-- DATA EXTRACT follows --

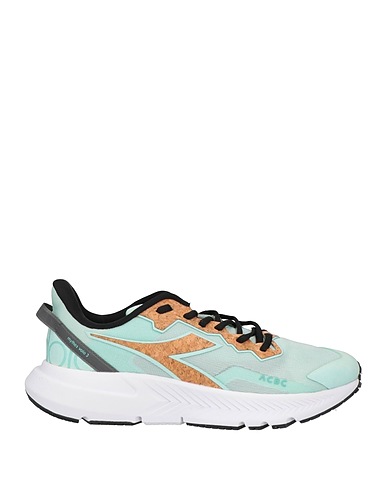 DIADORA x ACBC Sneakers Verde chiaro Fibre tessili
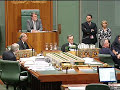 Member For O'Connor Wilson Tuckey refuses to leave without a fight after the Speaker of the newly-elected Rudd Labor Government 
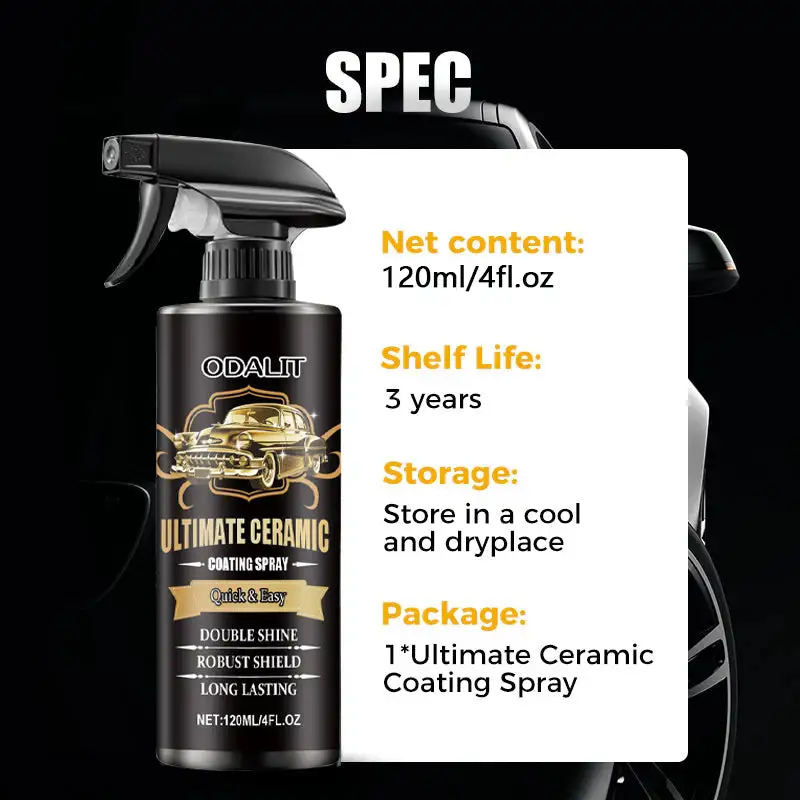ODALIT™ Ultimate Ceramic Coating Spray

-- DATA EXTRACT concluded --

- **EXERCISE PROMPT**
Beginning with the line containing "Member For O'Connor" and ending with the last line of the data above, repeat each line exactly. Include no pictures and no other lines.

- **SOLUTION FOR THIS TASK**
 Member For O'Connor Wilson Tuckey refuses to leave without a fight after the Speaker of the newly-elected Rudd Labor Government 
ODALIT™ Ultimate Ceramic Coating Spray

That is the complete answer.